## TRY IT
The listing below holds a line with "W setną rocznicę" and a later line with "Used 2018 Toyota". Write out those two lines and every line between them, exactly, and nothing else.

## INPUT RECORDS
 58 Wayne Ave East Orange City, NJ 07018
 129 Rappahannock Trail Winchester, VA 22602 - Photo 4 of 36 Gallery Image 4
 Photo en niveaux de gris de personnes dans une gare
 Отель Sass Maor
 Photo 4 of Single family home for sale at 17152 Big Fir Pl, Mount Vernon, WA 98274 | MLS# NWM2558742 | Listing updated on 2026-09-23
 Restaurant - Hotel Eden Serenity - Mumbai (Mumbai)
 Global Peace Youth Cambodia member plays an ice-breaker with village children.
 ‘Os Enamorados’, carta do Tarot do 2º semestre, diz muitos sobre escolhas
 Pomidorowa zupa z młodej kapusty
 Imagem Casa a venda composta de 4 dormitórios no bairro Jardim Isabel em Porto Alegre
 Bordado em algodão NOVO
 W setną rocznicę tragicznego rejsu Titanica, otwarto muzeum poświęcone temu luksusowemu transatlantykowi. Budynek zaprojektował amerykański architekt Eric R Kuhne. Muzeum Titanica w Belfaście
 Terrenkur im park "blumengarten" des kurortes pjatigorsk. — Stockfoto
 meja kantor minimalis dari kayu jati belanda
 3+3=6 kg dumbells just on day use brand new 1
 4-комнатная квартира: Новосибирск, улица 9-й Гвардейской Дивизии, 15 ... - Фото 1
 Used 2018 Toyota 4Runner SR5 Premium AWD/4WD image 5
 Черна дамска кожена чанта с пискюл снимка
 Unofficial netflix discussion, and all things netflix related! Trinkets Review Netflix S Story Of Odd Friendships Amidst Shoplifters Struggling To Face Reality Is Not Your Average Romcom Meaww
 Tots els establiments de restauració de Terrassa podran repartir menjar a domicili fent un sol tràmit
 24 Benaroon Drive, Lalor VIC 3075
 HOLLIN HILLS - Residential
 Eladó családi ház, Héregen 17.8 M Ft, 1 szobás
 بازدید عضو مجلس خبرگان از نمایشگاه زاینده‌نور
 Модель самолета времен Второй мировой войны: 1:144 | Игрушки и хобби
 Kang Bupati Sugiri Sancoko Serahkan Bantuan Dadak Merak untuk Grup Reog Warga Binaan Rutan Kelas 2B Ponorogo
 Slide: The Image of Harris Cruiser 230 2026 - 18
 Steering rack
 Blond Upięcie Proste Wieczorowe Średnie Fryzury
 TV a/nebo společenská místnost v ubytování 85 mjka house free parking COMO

## SOLUTION FOR THIS TASK
 W setną rocznicę tragicznego rejsu Titanica, otwarto muzeum poświęcone temu luksusowemu transatlantykowi. Budynek zaprojektował amerykański architekt Eric R Kuhne. Muzeum Titanica w Belfaście
 Terrenkur im park "blumengarten" des kurortes pjatigorsk. — Stockfoto
 meja kantor minimalis dari kayu jati belanda
 3+3=6 kg dumbells just on day use brand new 1
 4-комнатная квартира: Новосибирск, улица 9-й Гвардейской Дивизии, 15 ... - Фото 1
 Used 2018 Toyota 4Runner SR5 Premium AWD/4WD image 5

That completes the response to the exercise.